Replication Problems

Hello all.

We have just done a large scale distributed test of our cosign
installation and have noticed a couple of problems and are just
wondering if anyone else has seen this.

We have 2 servers, each with apache and the cosign daemon and monster.
Each replication to the other pretty much as normal. Each of the servers
are behind a foundry, so access to 443 and 6663 is load balanced
effectively accross the two boxes.

When i ran a stress test (the code for which I will publish so other can
use this as it is useful as a tester and user experience monitor for
things like nagios etc) on 83 machines, each creating 20 processes, thus
giving a maximum concurrancy of 1660 logins sustained over about 2 hours
we see a lot of cosign check errors.

It appears this is because the cosign replication processes are
competing for CPU on a box which can, during this test get up to about
700 cosignd processes.
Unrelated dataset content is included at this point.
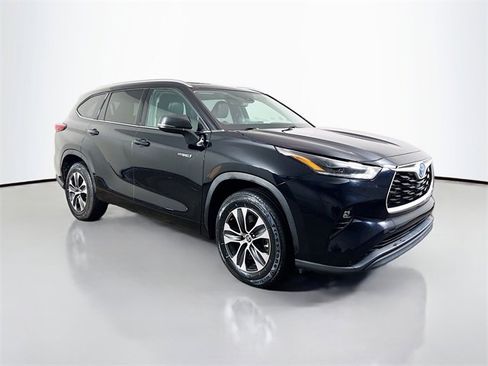 Used 2021 Toyota Highlander XLE image 25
So the replication events seem to just queue up
and eventually get processed, but not before the check may have failed.

Has anyone seen this, or are we infact stressing too much for the an
expected load we will not get. We have approximately 4000 student
computers and about 11000 desktops in total.

I cant help wondering if i am stressing it way beyond what we would
normally get. Can someone who is running this in production send me
details of the number of logins and check you get a day and the number
of machines you have on campus?